Customers of the deals website Groupon who were told by the firm they had to accept a credit note could be due cash refunds after the UK’s competition watchdog ordered the company to improve the way it treats users or face legal action.
The Competition and Markets Authority (CMA) said this week it had found evidence that Groupon does not always provide customers with refunds or replacement items when there is a problem with an order. Shoppers have sometimes only been offered Groupon “credits”, potentially breaking consumer law, it says.
Groupon started out selling vouchers for experiences such as hotel teas and outdoor activities, and now sells a bewildering range of “discounted” items and services – from lawnmowers to deodorant.
The company partners with retailers and other service providers to offer items, and helped to spawn a huge voucher and deals industry. However, some customers have reported huge frustration when it comes to getting refunds or a replacement when the service or item can’t be provided as advertised or simply fails to arrive.
The CMA has told Groupon it must make “swift” changes to how it deals with customers to “ensure it is complying with consumer protection law”.
It remains to be seen whether that will include the offering of cash refunds to affected customers.
In a statement, Groupon says: “We have and will continue to cooperate fully with the CMA. We take the outcome of the investigation very seriously and will be carefully reviewing the CMA’s findings.”
Some customers such as Zai Hussien say they have struggled to get their money back. In his case, he bought a voucher for the servicing of his car’s air conditioning system. However, the garage could not honour the voucher and told him to ask for a refund. He told the website Trustpilot this month that he was only offered a credit note. In a reply posted on the site, Groupon said: “Our apologies for any issues with receiving your refund. We’re very sorry to hear about the poor experience you’ve had with us so far.” It invited him to contact customer services about the status of his refund.
In a statement, the competition watchdog says it has “found evidence that Groupon does not always provide customers with the refunds and other forms of redress, such as replacement items, to which the CMA considers they are legally entitled”. It is also concerned that Groupon was failing to ensure that vouchers people had bought could always be redeemed within the advertised periods.
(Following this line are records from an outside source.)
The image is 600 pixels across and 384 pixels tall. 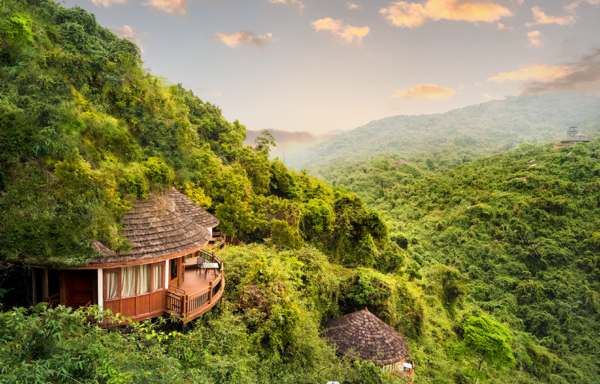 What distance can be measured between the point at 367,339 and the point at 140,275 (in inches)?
438

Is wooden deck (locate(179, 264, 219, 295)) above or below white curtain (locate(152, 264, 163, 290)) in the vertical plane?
below

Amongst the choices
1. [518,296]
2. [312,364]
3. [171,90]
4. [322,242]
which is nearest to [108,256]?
[312,364]

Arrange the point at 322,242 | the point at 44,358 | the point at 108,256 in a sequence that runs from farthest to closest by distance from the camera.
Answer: the point at 322,242 < the point at 108,256 < the point at 44,358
The CMA has written to the company to ask it to sign formal commitments. This could include Groupon providing redress to shoppers wrongly denied a refund, although the exact action is yet to be confirmed and will be subject to discussions between Groupon and the CMA. If Groupon fails to act, it may face court action.
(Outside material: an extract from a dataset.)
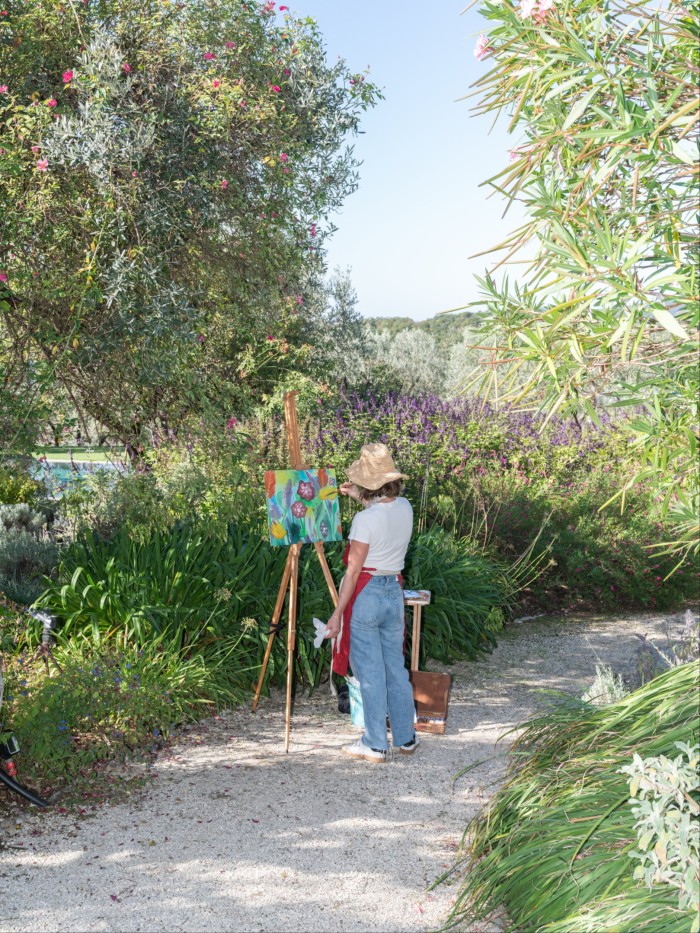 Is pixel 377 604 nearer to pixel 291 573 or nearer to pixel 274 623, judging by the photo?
pixel 291 573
This is not the first time Groupon has found itself in trouble with regulators. In 2012, it agreed to change some of its business practices after an investigation by the CMA’s predecessor, the Office of Fair Trading. At the time, Groupon pledged to ensure that information on its website was not misleading and to comply with customers’ legal cancellation and refund rights.
Adam French, a consumer rights expert at Which?, says: “Which? has previously uncovered problems with misleading Groupon deals, so it’s good to see the Competition and Markets Authority taking action to tackle the company’s poor treatment of its customers. Consumers should remember that if they are struggling to get a refund and paid more than £100 by credit card, they can try to claim a refund under section 75 of the Consumer Credit Act or use chargeback rules if they paid on a debit card.”